====== Given records ======

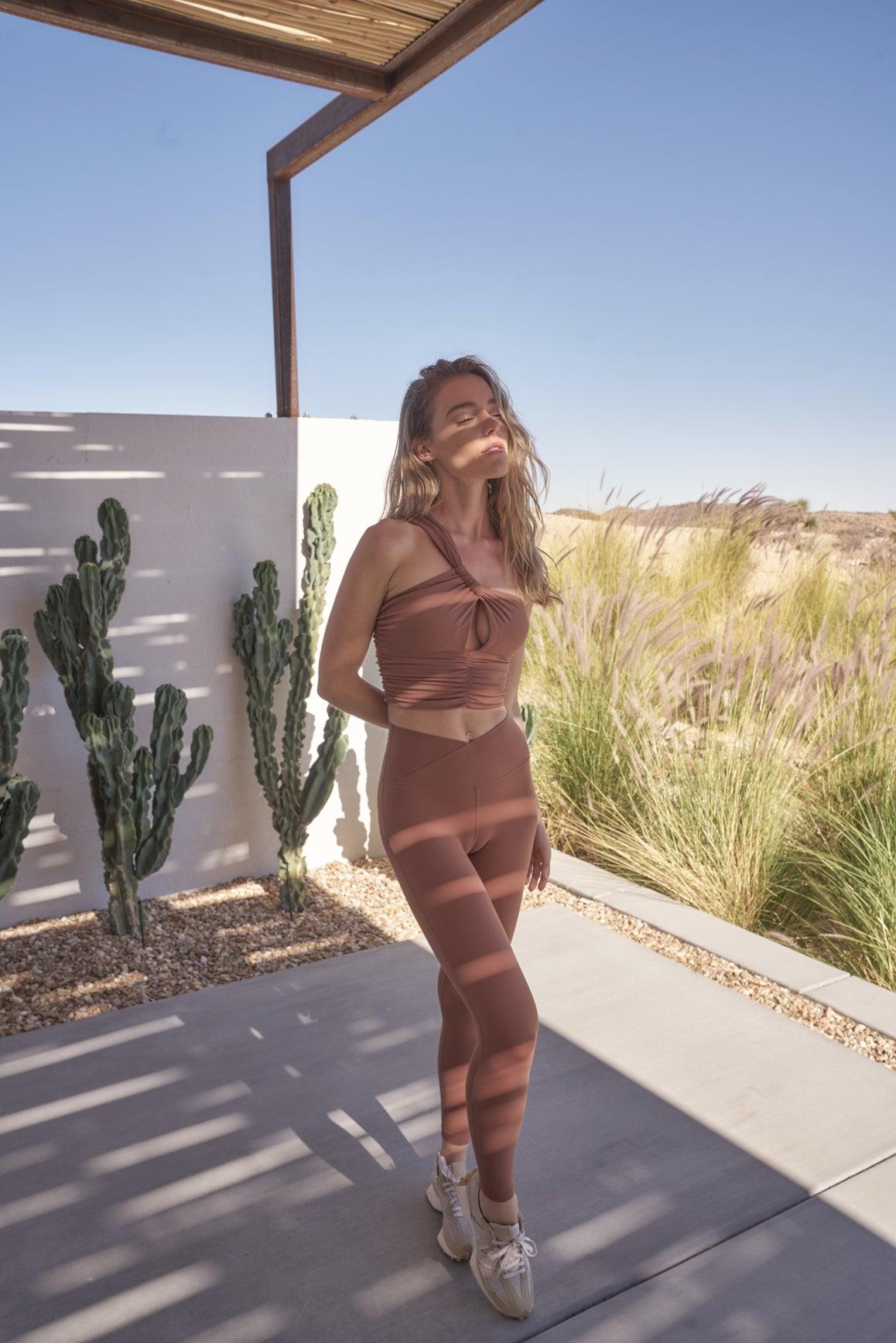 WISKII ivory one-shoulder ruched sports bra with stylish design and comfortable fit for activewear.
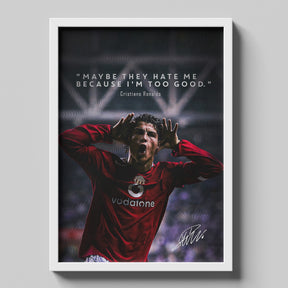 Framed poster of a soccer player in a red jersey with a quote by Cristiano Ronaldo on a gray background.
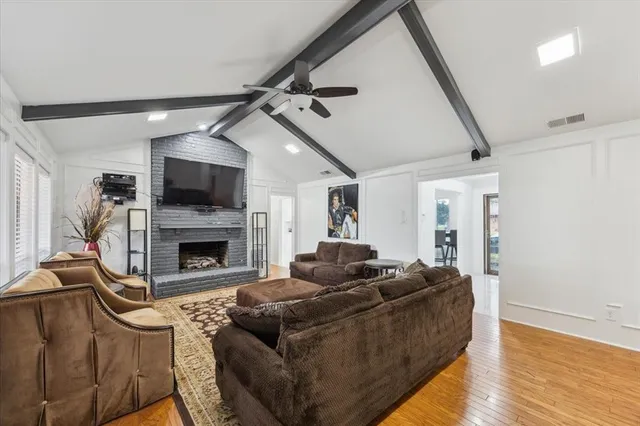 a living room with furniture a fireplace and a flat screen tv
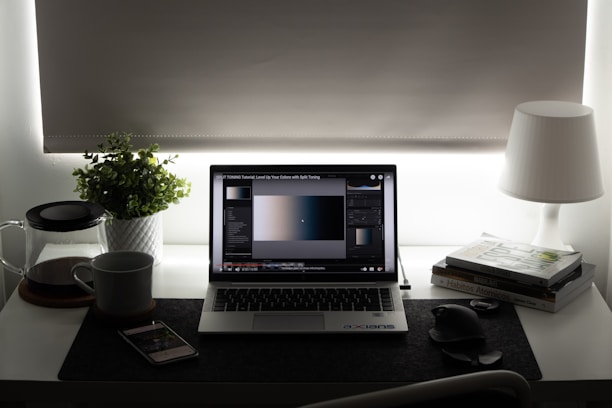 black and silver laptop computer on brown wooden table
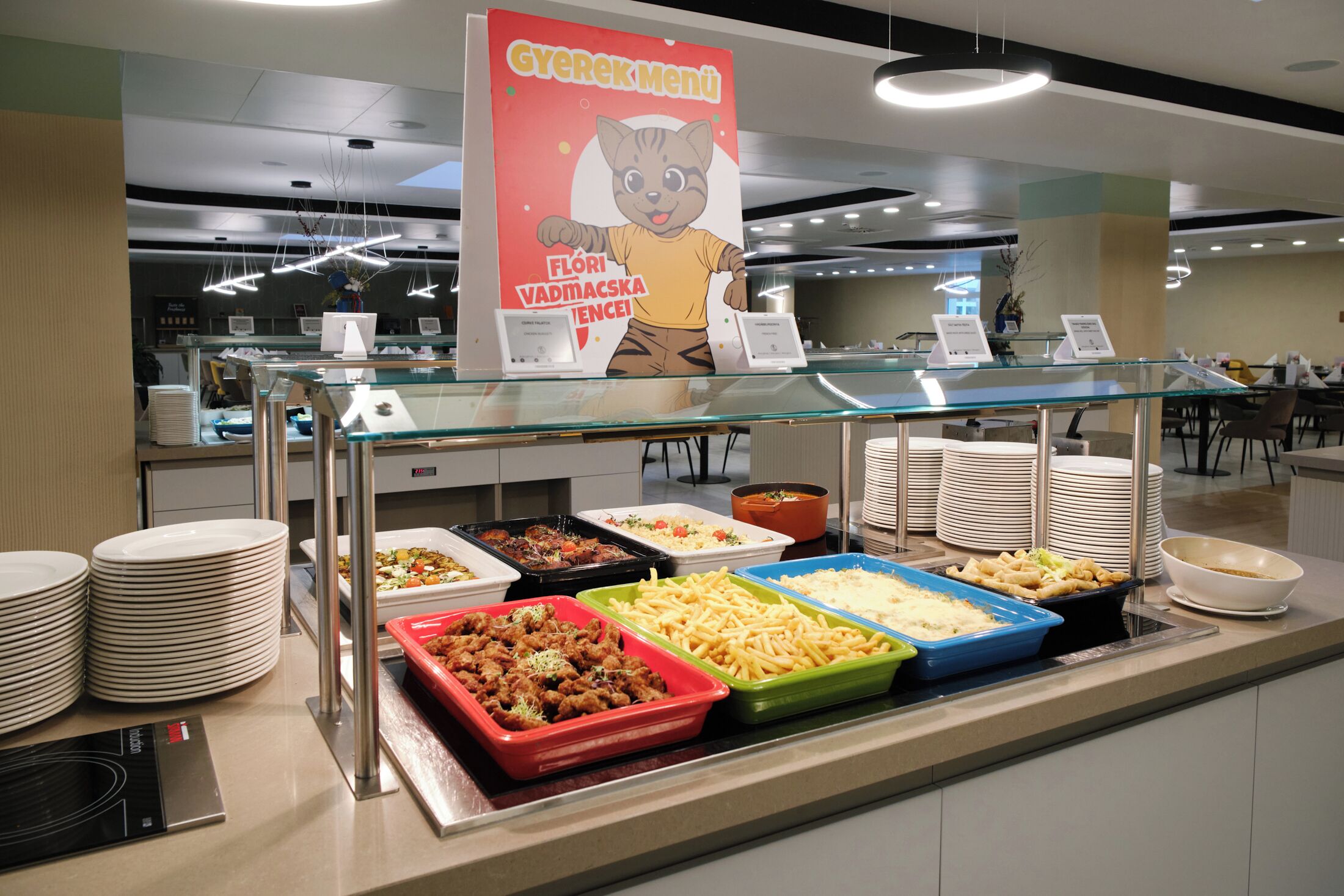 A buffet area with various food dishes, a glass display case, and a sign with a cat illustration.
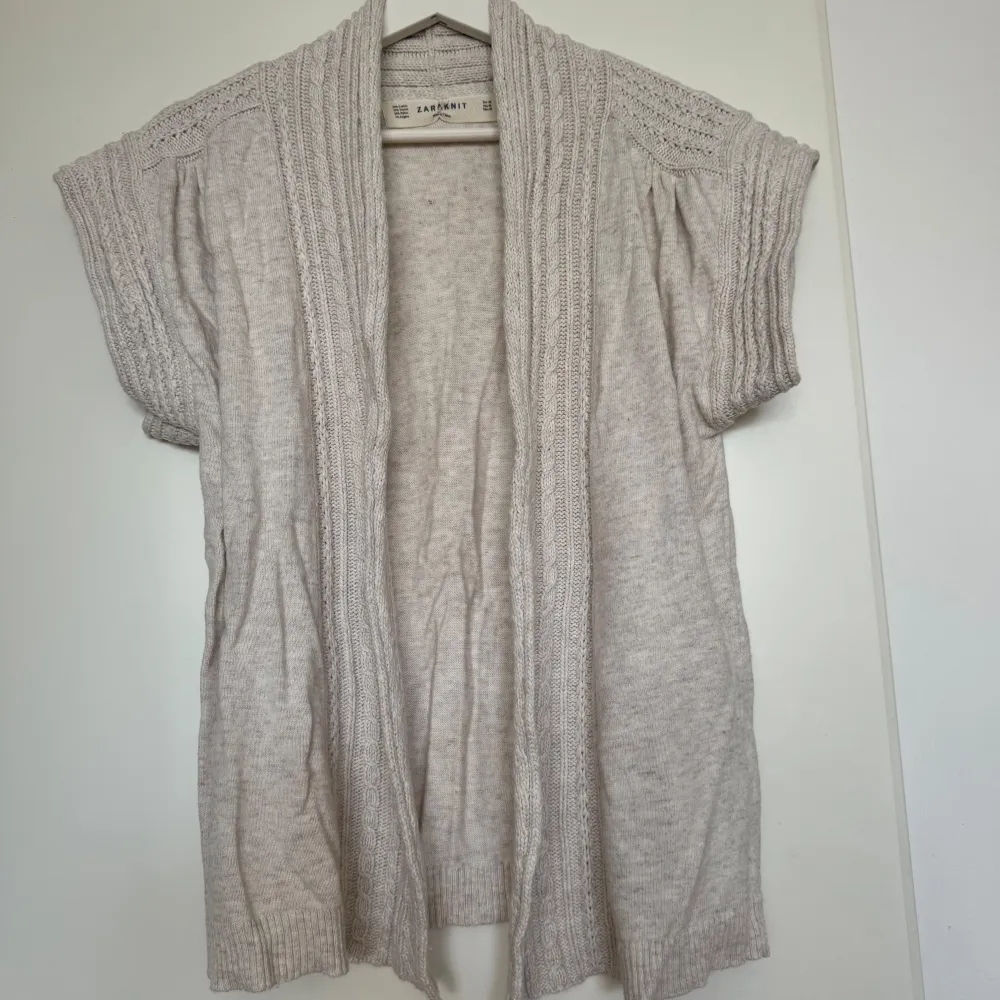 Säljer en supermysig beige stickad kofta från Zara Knit. Den är gjord av en blandning av bomull, viskos, nylon och angora, vilket gör den både mjuk och varm. Koftan har korta ärmar och en öppen design, perfekt för lager-på-lager under hösten. Den är använd men i bra skick och redo för en ny ägare!. Tröjor & Koftor.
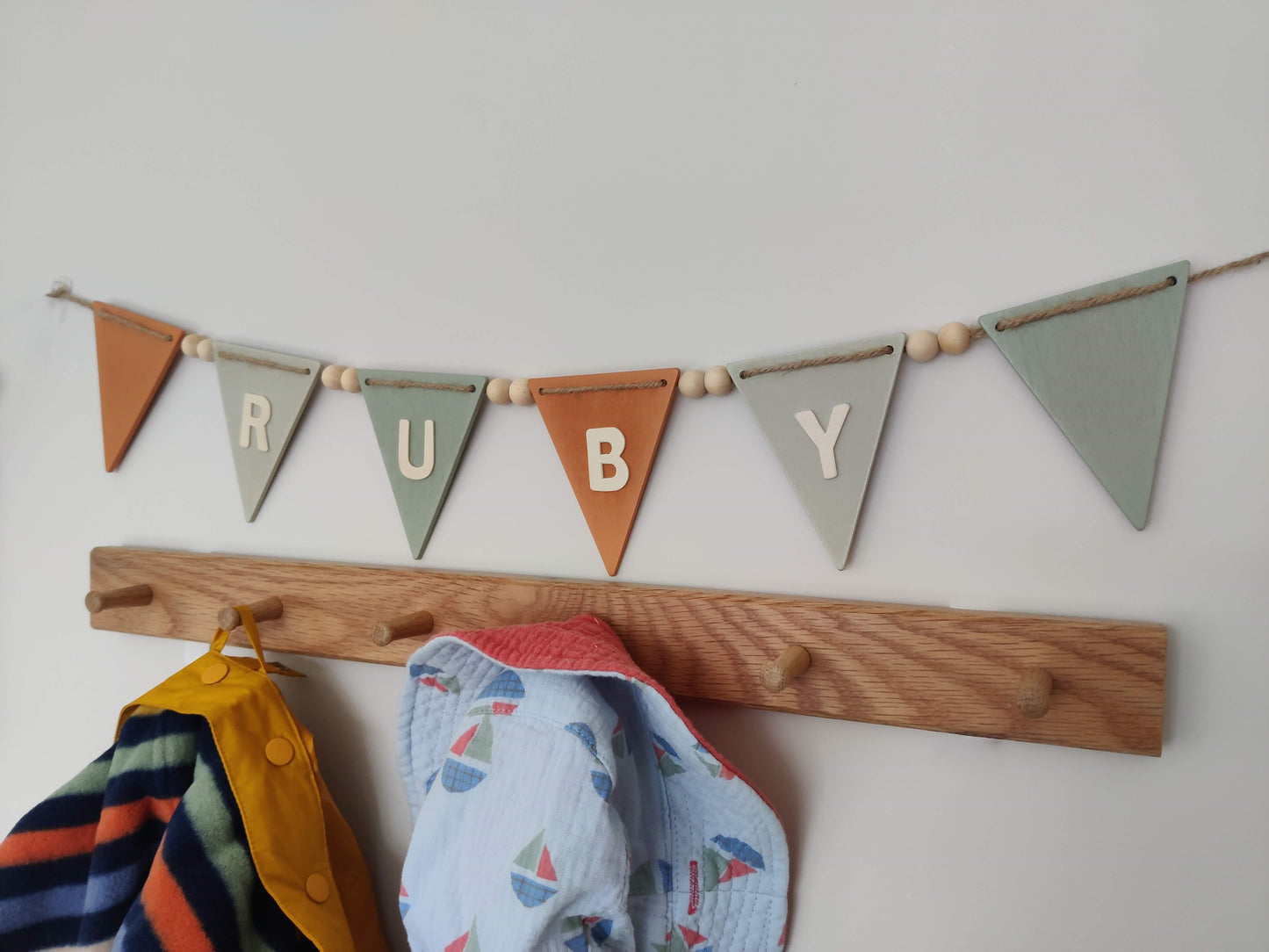 Safari coloured bunting with personalised name, wooden beads and natural twine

======

§ What to do:
Copy nothing but the lines from the line that contains "Säljer en supermysig" through the end of the listing, exactly, and keep pictures out of it.

§ Result:
 Säljer en supermysig beige stickad kofta från Zara Knit. Den är gjord av en blandning av bomull, viskos, nylon och angora, vilket gör den både mjuk och varm. Koftan har korta ärmar och en öppen design, perfekt för lager-på-lager under hösten. Den är använd men i bra skick och redo för en ny ägare!. Tröjor & Koftor.
 Safari coloured bunting with personalised name, wooden beads and natural twine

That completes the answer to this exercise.